Charlie
Kaufman’s Anomalisa is, in many ways, a counterpart to Inside Out. Both
are Animated films released in 2015 that use the medium of animation to
provide a visual metaphor for mental health, focusing on depression.
However, Inside Out is designed to explain these topics to children,
while Anomalisa is much more adult, not just in dealing with topics like
work and sex and how they influence it, but also in how they approach
their central character. Riley from Inside Out is relatable and many of
her experiences, universal. Michael, the protagonist of Anomalisa, is a
nasty, callous man whose depression actively makes him unpleasant to be
around, so much so that his treatment of Lisa, the first person in a
long time to light up his life, seems downright out of character. But
the film is potent in using its unique Stop-Motion Puppetry and limited
voice acting to put the audience in Michael’s shoes to both dislike him,
and to understand him.
The
way Anomalisa sets the mood and feel doesn’t just lie in the puppetry,
but also in vocal performances - outside of the two central characters,
everyone in the film is voiced by the same actor, Tom Noonan, regardless
of age or gender. Voice Actors in animated film usually rely on broad,
exaggerated, and unique performances, so much so that in “The Art of
Voice Acting”, James Alburger claims that for voicing animated
characters, “The most effective character voices are those that slightly
exaggerate the attitudes and emotions of the character you are
portraying, or that take a small quirk or idiosyncrasy and blow it out
of proportion”, so by having one character give the same voice to most
characters, and that voice be deliberately boring, forces the audience
to empathize with the main character experiencing that depression and
inability to connect with people. The vocal performance Noonan provides
is deliberately tiresome, and the predominance of it, surrounding much
of the film, with very little relief, is a potent filmic metaphor for
introversion-based depression - no matter how kindly anyone acts, it’s
still impossible not to perceive them as draining and harming your
wellbeing, and there’s still no escape from social interactions, which
is what makes this form so hard to get over. Living your life at all
becomes an unpleasant drain.

The
air of artifice created by the use of stop-motion animation and
puppetry in the film is potent for similar reasons. The Mise-en-scène does
not have any real actors, instead being occupied entirely by inorganic
props, and while the main characters have detailed and complex models
that frequently look human like, the background characters are basic and
doll-like, falling into the uncanny valley. In his study of the uncanny
valley, Frank Pollick noted that “(...) although the uncanny valley is
modeled to lie along a continuum of realism, the appreciation of what is
being viewed lies at a categorical boundary between humans and
machines”, and the film goes to great efforts to put Michael and Lisa on
the human side, but the other puppets on the other. This furthers the
void between Michael and the world - he’s surrounded by synthetic
robots, impossible to connect with as he simply can’t see them as human,
and while this is a callous view, it’s one unfortunately common with
long-term depression. Like the vocal similarities, this also forces the
audience to empathize with Michael’s situation, no matter how cruel his
character can be. A nightmare sequence brings this straight to the
forefront of the film: Michael is directly confronted by Puppet
characters designed with harsh, inhuman faces whose even fall apart
around him, and want to be the focus of his attentions instead of Lisa.

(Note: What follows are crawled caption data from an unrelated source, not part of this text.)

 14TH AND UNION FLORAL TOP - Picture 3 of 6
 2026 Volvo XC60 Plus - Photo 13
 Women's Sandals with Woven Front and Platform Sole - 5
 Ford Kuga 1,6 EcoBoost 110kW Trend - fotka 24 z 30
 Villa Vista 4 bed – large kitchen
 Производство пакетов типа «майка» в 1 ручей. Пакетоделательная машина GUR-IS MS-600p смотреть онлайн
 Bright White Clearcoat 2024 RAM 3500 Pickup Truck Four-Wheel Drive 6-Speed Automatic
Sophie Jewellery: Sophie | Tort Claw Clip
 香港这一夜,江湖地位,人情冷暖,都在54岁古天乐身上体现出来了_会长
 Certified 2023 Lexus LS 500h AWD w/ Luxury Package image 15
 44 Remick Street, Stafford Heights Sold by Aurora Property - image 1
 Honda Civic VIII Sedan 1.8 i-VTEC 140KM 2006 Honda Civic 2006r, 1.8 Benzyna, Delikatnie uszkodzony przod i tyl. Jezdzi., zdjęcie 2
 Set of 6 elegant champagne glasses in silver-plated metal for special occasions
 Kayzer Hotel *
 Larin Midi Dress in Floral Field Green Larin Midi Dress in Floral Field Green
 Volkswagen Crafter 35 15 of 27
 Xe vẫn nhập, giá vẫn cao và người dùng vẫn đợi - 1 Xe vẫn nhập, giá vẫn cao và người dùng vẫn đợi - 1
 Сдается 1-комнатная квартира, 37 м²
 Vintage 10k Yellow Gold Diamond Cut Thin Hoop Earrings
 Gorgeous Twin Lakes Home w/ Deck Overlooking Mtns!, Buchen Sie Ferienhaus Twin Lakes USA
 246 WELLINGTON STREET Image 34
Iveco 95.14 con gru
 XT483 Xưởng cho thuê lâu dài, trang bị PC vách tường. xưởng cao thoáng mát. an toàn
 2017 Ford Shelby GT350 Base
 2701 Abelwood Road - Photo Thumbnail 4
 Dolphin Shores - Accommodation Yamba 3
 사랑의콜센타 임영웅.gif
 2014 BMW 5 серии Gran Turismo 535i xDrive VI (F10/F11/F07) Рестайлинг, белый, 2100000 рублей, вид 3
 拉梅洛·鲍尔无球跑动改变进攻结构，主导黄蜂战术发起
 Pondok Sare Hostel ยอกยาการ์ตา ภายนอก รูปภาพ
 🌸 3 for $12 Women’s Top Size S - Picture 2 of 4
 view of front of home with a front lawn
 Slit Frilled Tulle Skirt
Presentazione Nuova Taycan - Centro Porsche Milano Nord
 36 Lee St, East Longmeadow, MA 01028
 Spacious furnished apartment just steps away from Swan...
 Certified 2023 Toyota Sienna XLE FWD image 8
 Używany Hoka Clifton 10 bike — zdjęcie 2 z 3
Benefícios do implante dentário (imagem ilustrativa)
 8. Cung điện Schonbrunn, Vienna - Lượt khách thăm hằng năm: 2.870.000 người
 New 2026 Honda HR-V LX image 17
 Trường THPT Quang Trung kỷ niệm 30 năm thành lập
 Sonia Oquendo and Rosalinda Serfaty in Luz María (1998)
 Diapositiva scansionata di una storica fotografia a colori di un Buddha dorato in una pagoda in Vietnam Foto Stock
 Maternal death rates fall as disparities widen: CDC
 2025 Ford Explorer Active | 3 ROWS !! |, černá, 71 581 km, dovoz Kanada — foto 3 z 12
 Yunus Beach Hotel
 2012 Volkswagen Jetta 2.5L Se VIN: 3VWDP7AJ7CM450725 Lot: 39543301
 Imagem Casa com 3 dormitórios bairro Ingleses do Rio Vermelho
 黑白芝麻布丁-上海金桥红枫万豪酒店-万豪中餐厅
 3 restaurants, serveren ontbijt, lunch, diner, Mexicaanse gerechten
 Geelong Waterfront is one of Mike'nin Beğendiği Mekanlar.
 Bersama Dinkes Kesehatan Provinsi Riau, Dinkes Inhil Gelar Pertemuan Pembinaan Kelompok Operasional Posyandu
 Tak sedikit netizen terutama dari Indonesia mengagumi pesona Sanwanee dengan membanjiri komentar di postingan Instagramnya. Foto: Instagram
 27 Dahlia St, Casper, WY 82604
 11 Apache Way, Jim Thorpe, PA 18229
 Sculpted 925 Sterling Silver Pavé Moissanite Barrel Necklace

This represents Michael’s antipathy for those that care for him, and his
drive for the magic solution that Lisa can provide.
However,
at the climax of the film’s main story line, Lisa’s unique luster
begins to face for Michael, and he starts perceiving her just like every
other character in the story. In this scene, the real purpose of the
film becomes clear: Showing the genuine damage that Michael’s mental
state is doing to his life. He didn’t love Lisa because she was a great
person, but simply because she provided a release from the rest of his
life, and when that wasn’t true anymore, he tossed her aside. Michael
isn’t seeking actual treatment or making lifestyle changes - he is, as
the nightmare said, looking for a magic solution, to the detriment of
everyone else in his life, including his wife and child. The film pulls
no punches in this regard, showing that depression can take a genuine
toll on you as a person, and asks us to balance our sympathy for his
problems, which, in many ways, his actions are perpetuating, with our
sympathy for those he’s hurting.
References
- Alburger, J. R. (2002). The art of voice acting: The craft and business of performing for voice-over. Boston: Focal Press.
- Pollick, F. E. (2010). In Search of the Uncanny Valley. Lecture Notes of the Institute for Computer Sciences, Social Informatics and Telecommunications Engineering User Centric Media, 69-78.